El uso de estupefacientes es, en principio, una decisión personal que debería estar exenta de control como una acción privada, pero que sin duda genera un aumento de la criminalidad que afecta a terceros. Sin embargo, tampoco la penalización ha conseguido eliminar el consumo, en tanto que las organizaciones delictivas han crecido y prosperado en tal forma que pueden desafiar a gobiernos, debilitar sus instituciones políticas y amenazar incluso la sobrevivencia de su sistema democrático.
Una situación semejante se produjo en EE.UU. hace un siglo. El alcoholismo constituía un problema cuya gravedad movilizaba a numerosas organizaciones mayormente religiosas, exigiendo su prohibición absoluta. El Congreso de aquel país cedió a esa presión y estableció mediante la enmienda XVIII la prohibición de fabricar, vender o transportar licores embriagantes. A partir de la vigencia de la denominada Ley Seca, comenzaron a desarrollarse las organizaciones mafiosas que se enriquecían con la venta ilegal, producida en laboratorios clandestinos. Algunas ciudades alcanzaron una indeseable celebridad por el dominio que esas organizaciones alcanzaron sobre la sociedad, como Chicago y su icónico capo di mafia, Al Capone.

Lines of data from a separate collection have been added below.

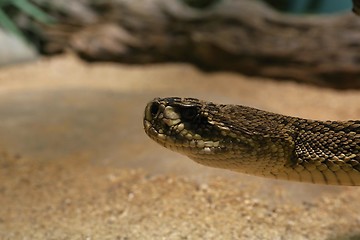 Image showing eastern diamondback rattlesnake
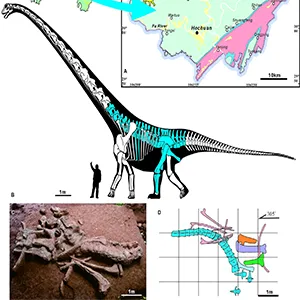Geographic and geological setting of the palaeontological site. (A) geological map of Hochuan (Chongqing, China); (B) Type specimen of Mamenchisaurus sanjiangensis sp. nov. in the field; (C) the field map of the elements; (D) the compose of the elements. Credit: Scientific Reports
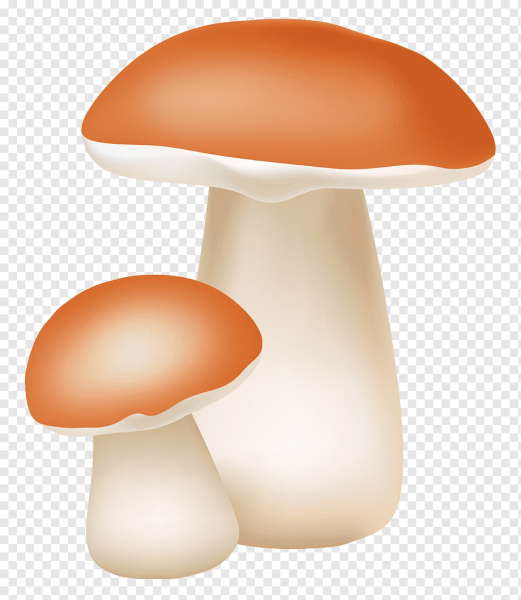 Грибы на белом фоне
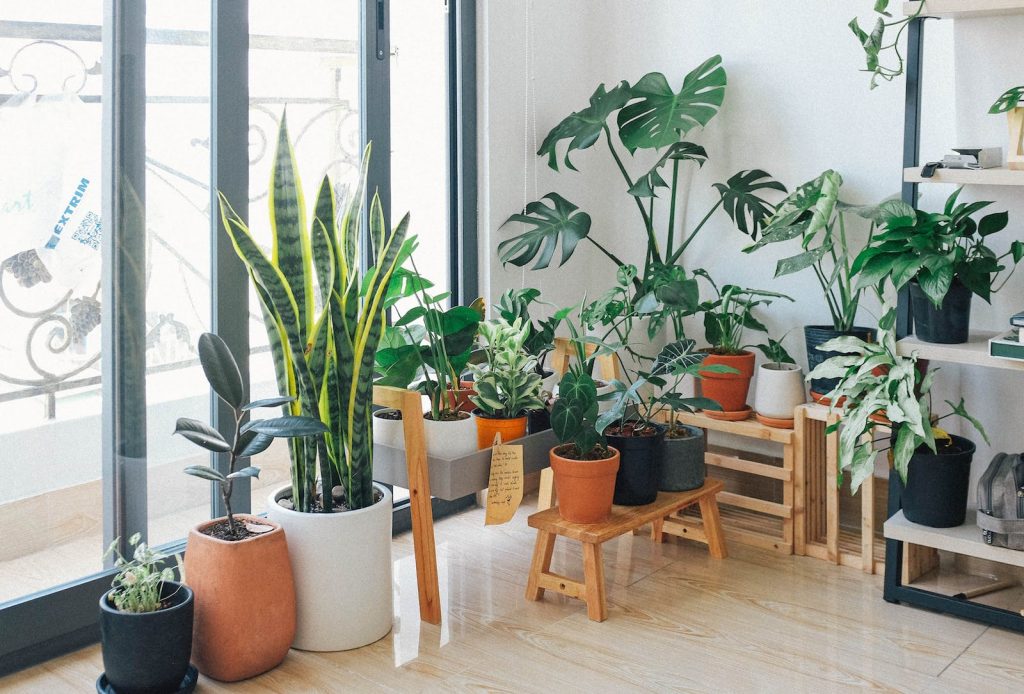 How To Move House Plants Safely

Una década después, la mayoría de los ciudadanos norteamericanos habían llegado a la conclusión de que la prohibición había alterado en tal grado las instituciones y la sociedad y causado tantas muertes por envenenamientos por consumir bebidas adulteradas, que el daño que estaba causando superaba ampliamente el que podía adjudicarse al alcoholismo. La enmienda fue finalmente derogada en 1933 por la enmienda XXI. Pero hay una diferencia con el fenómeno actual. La Ley Seca produjo el surgimiento de organizaciones delictivas exclusivamente en el territorio de los Estados Unidos, en tanto que la actual prohibición de las drogas, ha creado gigantescas corporaciones del delito fuera de aquel país.

La historia de Chicago parece repetirse, pero ahora en Cali o en Tijuana y delincuentes modernos como el colombiano Pablo Escobar repitieron las masacres, ejecuciones y violencia que en su momento protagonizara Al Capone.

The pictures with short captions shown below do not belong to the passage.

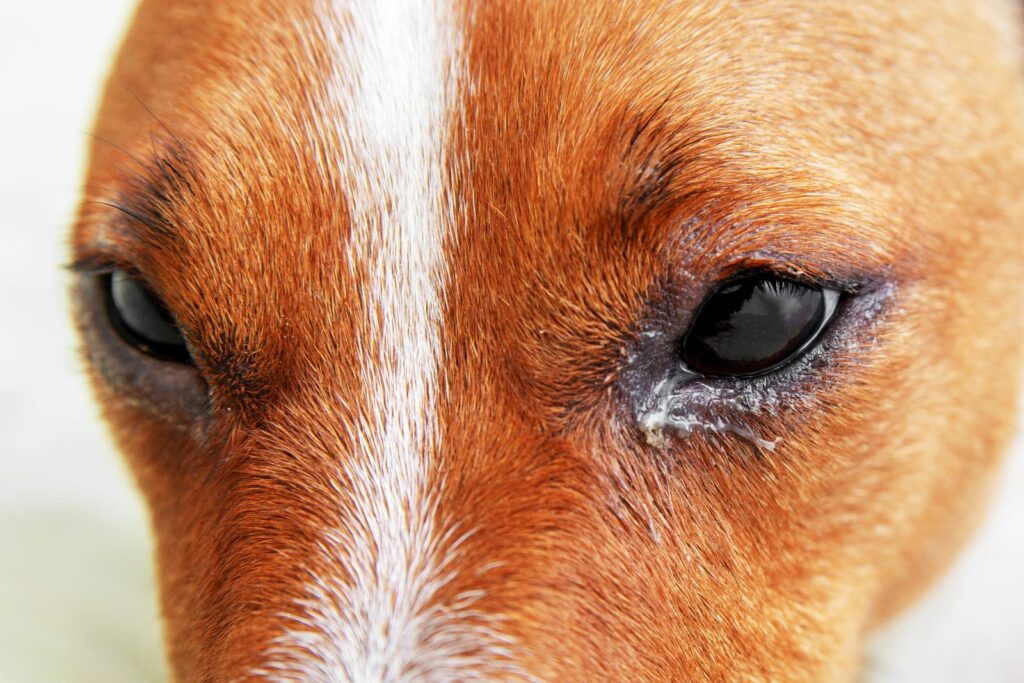 Dog eyes infection – Dog with irritated red eyes suffering from something allergy. Veterinarian check on the eyes of a dog dachshund. conjunctivitis eyes of dog. Medical care of pet concept.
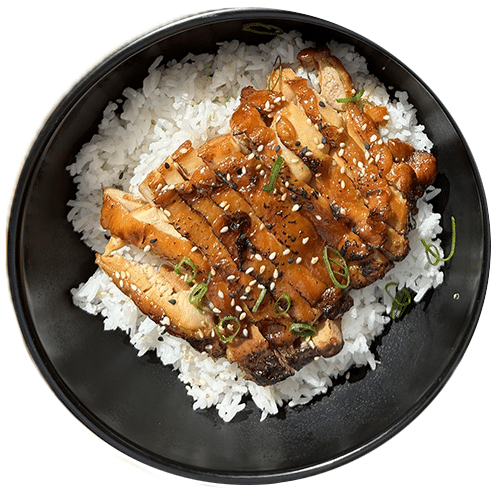 Rijst bowl wakadori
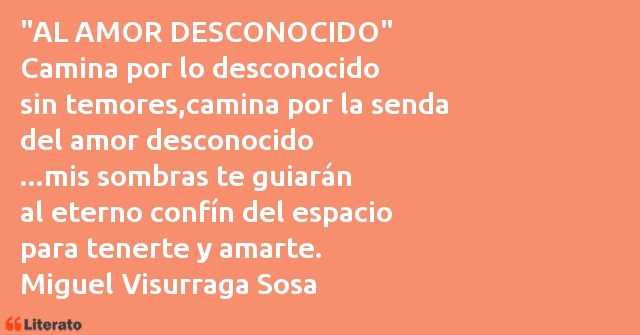 Frases de Miguel Visurraga Sosa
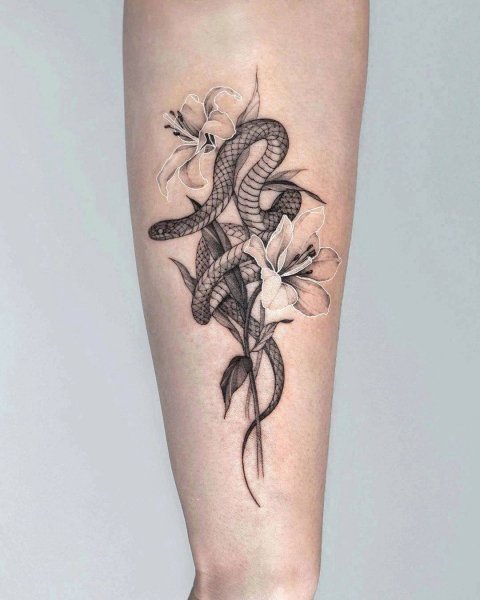 IMG 20260125 185534 000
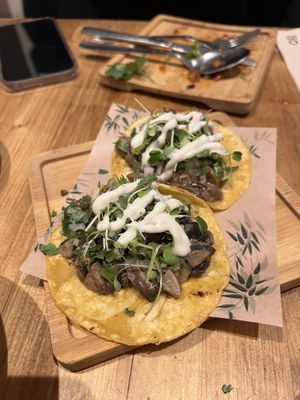   at Gallo Santo in Barcelona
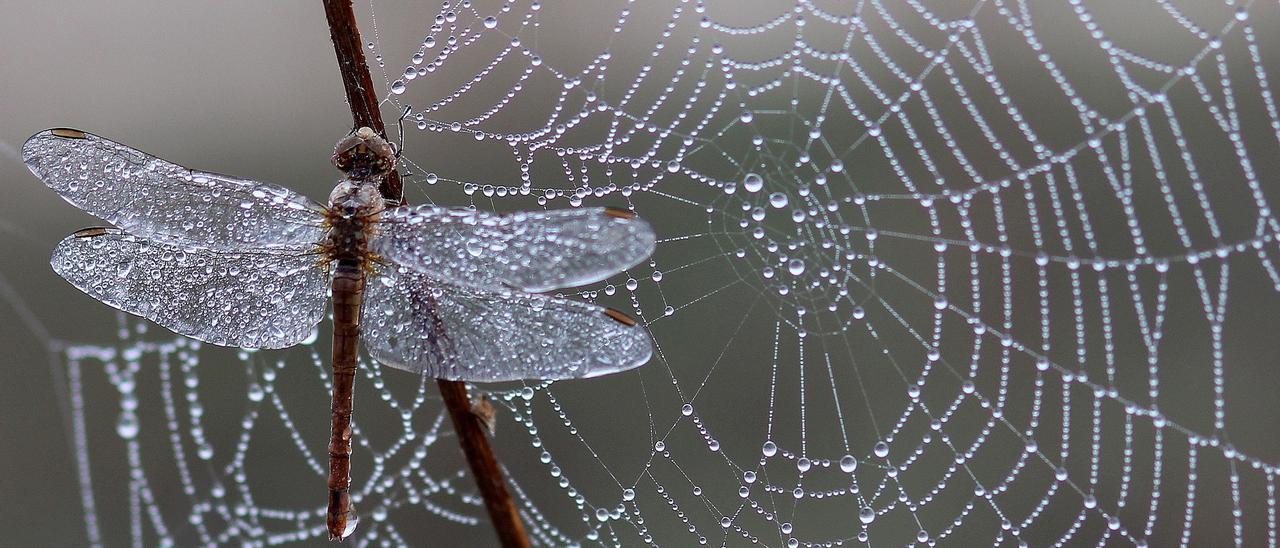 Una libélula junto a una tela de araña.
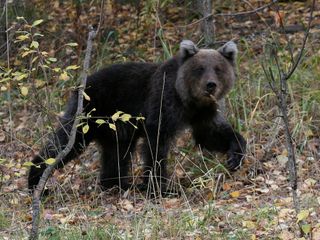 Japonya'da ayı saldırıları 230'a ulaşarak rekor kırdı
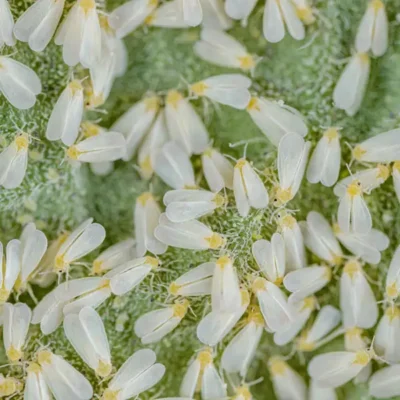 A cluster of white flies on a flower - Keep white flies away from your home with City Termite & Pest Control in Malvern, AR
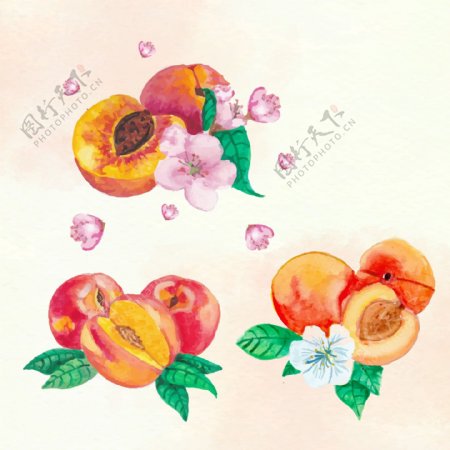 手绘水彩桃子插图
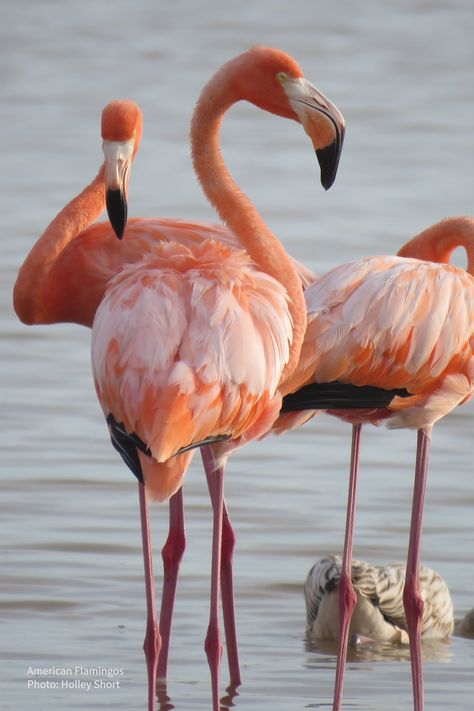 Flamingos are coming back to Florida! And we hope they're here to stay. More than 40 people counted 101 wild American Flamingos in the Sunshine State. American Flamingo, Florida Flamingo, Volunteers Needed, Pine Island, Natural Ecosystem, Nature Center, Sunshine State, The Sunshine, Wildlife Photography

La sociedad norteamericana no se siente tan amenazada y por lo tanto su respuesta puede no ser la misma que en aquellas circunstancias de hace un siglo. Y aunque se invoque la solidaridad continental y seguramente Washington siga con preocupación lo que ocurre en sus países vecinos, no es probable que el gobierno de aquel país adopte decisiones que modifiquen su orientación actual.
La despenalización del consumo de droga como decisión unilateral de uno o varios países, sin duda liberaría en ellos recursos que ahora se destinan a combatirla, pero sin el acompañamiento de EE.UU. tendría efectos limitados. El 80 % de las drogas que se producen en el área latinoamericana están destinadas al consumo del insaciable mercado del país del norte y las organizaciones que atienden esa demanda seguirían siendo clandestinas.